Chiffres clés Edition du

Pourquoi le marché immobilier d'entreprise reste-t-il sous pression en 2026 ? 

Le marché d'immobilier d’entreprise au premier semestre 2026 est toujours en tension et fortement polarisé, selon les chiffres d'ImmoStat.

Tags : Investissement immobilier, immobilier d'entreprise, bureau


En ce premier semestre 2026, l’immobilier d’entreprise reste marqué par l’attentisme et des volumes biaisés par quelques opérations exceptionnelles. Derrière un léger rebond trimestriel, le marché confirme une fragmentation croissante entre classes d’actifs et zones géographiques.
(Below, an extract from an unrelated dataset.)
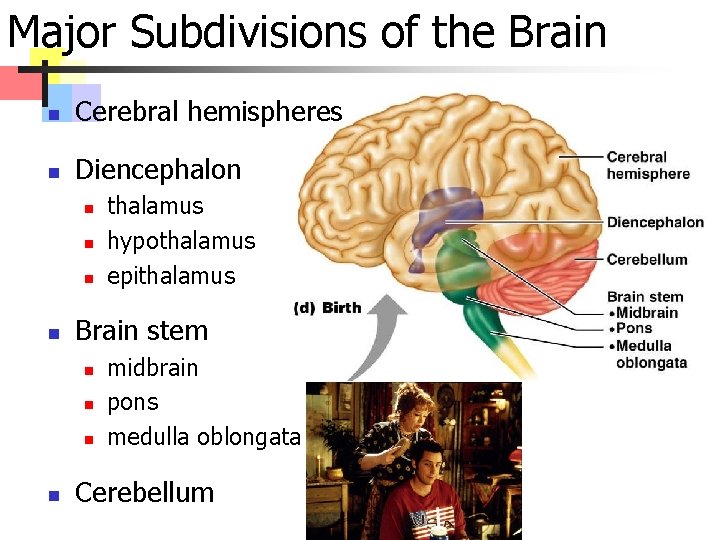 Major Subdivisions of the Brain n Cerebral hemispheres n Diencephalon n n Brain stem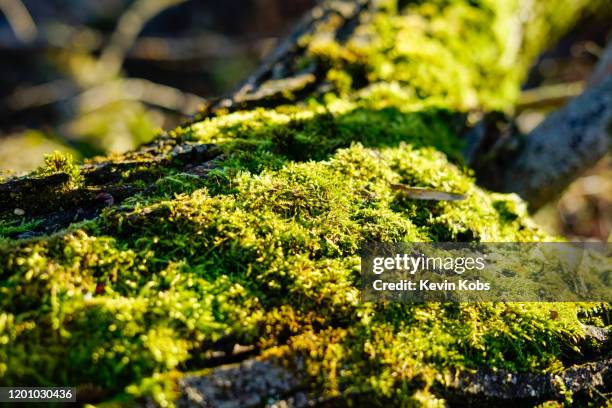 close-up of moss on a tree trunk with blurred background. - snag tree stock pictures, royalty-free photos & images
Le marché de l’immobilier d’entreprise en France aborde 2026 dans un climat de forte incertitude, marqué par la volatilité des taux, les tensions géopolitiques et une prudence persistante des investisseurs. Les données publiées par ImmoStat confirment un premier semestre contrasté, où les rebonds techniques masquent une tendance de fond toujours fragile.
 
 

Bureaux en Ile-de-France : rebond trimestriel, mais cycle toujours baissier

Sur le segment des bureaux franciliens, la demande placée atteint 750 000 m² au premier semestre 2026, en recul de 5 % sur un an. Le deuxième trimestre apporte un léger mieux avec 389 300 m², en hausse de 8 % sur un an, sans infléchir la trajectoire globale.
La structure du marché continue de se dégrader sur le segment des grandes transactions, tandis que les petites et moyennes surfaces amortissent le choc. Cette dynamique confirme une recomposition progressive de la demande, davantage tournée vers l’optimisation des coûts et la flexibilité des espaces.
Dans le même temps, l’offre immédiate progresse à 6,571 millions de m² : + 10 % sur un an, accentuant la pression concurrentielle entre actifs. Les valeurs locatives reflètent cette tension : 461 €/m²/an pour le neuf ou restructuré (+3 %) contre 429 €/m²/an pour la seconde main (-2 %).
 

Investissement : des volumes faussés par une opération exceptionnelle

 
Le marché français de l’investissement immobilier affiche 6,6 milliards d’euros au premier semestre 2026, en hausse de 9 % sur un an. Mais cette progression est largement artificielle, tirée par une transaction hors norme de 2,3 milliards d’euros.
Retraité de cet effet d’aubaine, le marché reste nettement orienté à la baisse, dans un environnement pénalisé par le coût du financement et l’instabilité macroéconomique. Sébastien Masson de Colliers France résume ce basculement :« Le marché recule hors opération exceptionnelle. Les décisions sont gelées par l’incertitude et les taux élevés. (…) Les écarts entre classes d’actifs se creusent. Le bureau francilien recule encore et l’offre dépasse 6,5 millions de m². La valeur dépend désormais de l’usage réel des actifs. »
 

Logistique en forte correction, commerce plus résilient

 
La divergence entre classes d’actifs s’accentue nettement. La logistique chute à 433 M€ investis au semestre, soit - 71 % sur un an, confirmant une phase de correction brutale après plusieurs années de surperformance. A l’inverse, le commerce résiste à 1,69 milliard d’euros, soutenu par des actifs de taille intermédiaire et des arbitrages opportunistes.
 

Un marché des bureaux de plus en plus polarisé

 
Pour Olivier Taupin de Cushman & Wakefield France, le deuxième trimestre 2026 constitue un signal d’amélioration encore insuffisant pour parler de reprise : « Le rebond du deuxième trimestre est réel mais le marché reste sous pression. La sélectivité des entreprises s’accroît. »
Cette sélectivité se traduit par une polarisation nette : les actifs prime conservent leur attractivité et leurs niveaux de loyers, tandis que les actifs secondaires subissent une pression croissante sur les valeurs et les taux d’occupation.
 

Vers un marché plus fragmenté que cyclique

 
Le premier semestre 2026 confirme ainsi moins une phase de cycle qu’une recomposition structurelle. Entre recul des volumes, polarisation des actifs et dépendance accrue aux opérations exceptionnelles, l’immobilier d’entreprise français évolue vers un marché à plusieurs vitesses, où la localisation et la qualité d’usage deviennent les principaux déterminants de valeur.